Spark is still a safe port when compared to DuckDB and Polars

Disclaimer: Any opinions expressed are solely my own.

Introduction #

There are many data processing technologies available today compared to the past. Some of them work as distributed systems, while others work as standalone solutions. There is no silver bullet, as all of these technologies cover specialized problems. In this post, we will discuss a basic data processing job that can be performed using Spark, DuckDB, and Polars.

Problem #

The goal of the basic data processing job is to perform the following steps:

Read a JSON file.
Write a Parquet file.

Thus, the job involves converting a JSON file to a Parquet file.
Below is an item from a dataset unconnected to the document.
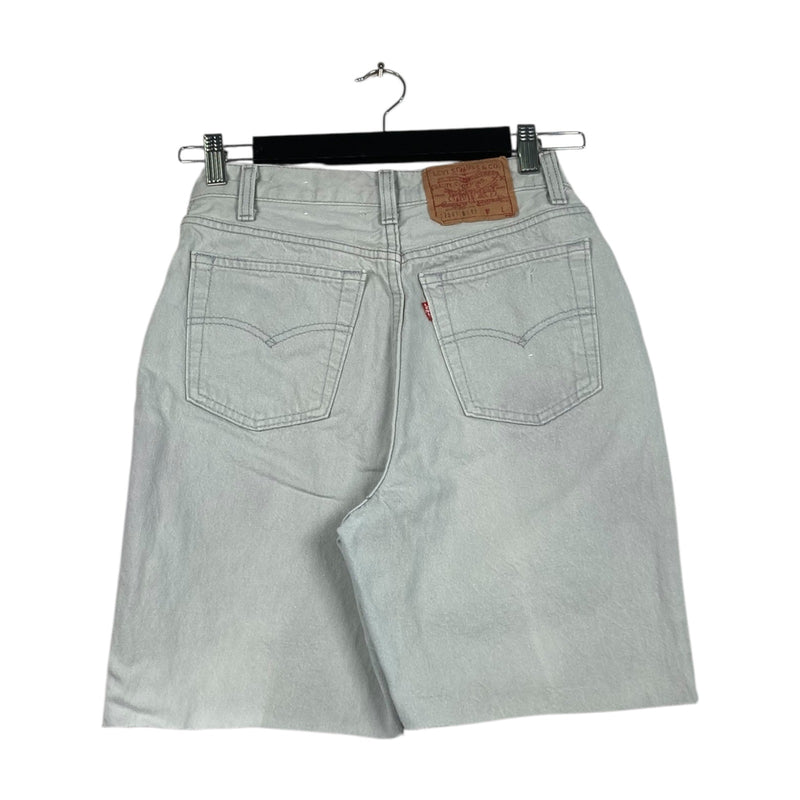Vintage Levi's Denim Shorts 26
Naturally, our data is complex, unpredictable, and heavily contaminated, just like real-world data.

Proposed System #

DuckDB #

CREATE TABLE d AS SELECT * FROM 'd.json';
COPY d to 'd.parquet' (FORMAT parquet);

Unfortunately, this process takes more than 30 minutes 🤷.

Polars #

import polars as pl
df = pl.read_ndjson("d.json")

   1028     source = normalise_filepath(source)
   1030 self = cls.__new__(cls)
-> 1031 self._df = PyDataFrame.read_ndjson(source)
   1032 return self
RuntimeError: BindingsError: "expected list/array in JSON value, got str"
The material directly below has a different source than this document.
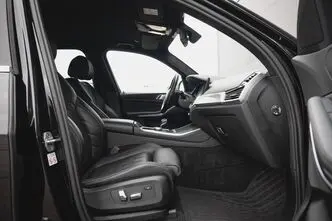 BMW X5, 3.0, 210 kW, hübriid, automaat, nelikvedu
Once again, there are strange errors for very basic commands.

Spark #

./bin/spark-shell --master "local[8]"

val df = spark.read.json(path)
df.coalesce(1).write.parquet(outputPath)

The task completes within a few minutes.

Conclusion #

I needed to perform some basic data processing jobs quickly, but unfortunately, I faced some obstacles… I’m not sure, maybe DuckDB needs some optimizations for complex data structures, and Polars requires some more time. This short story shows me that no matter what, Spark still just works if you have the necessary skills.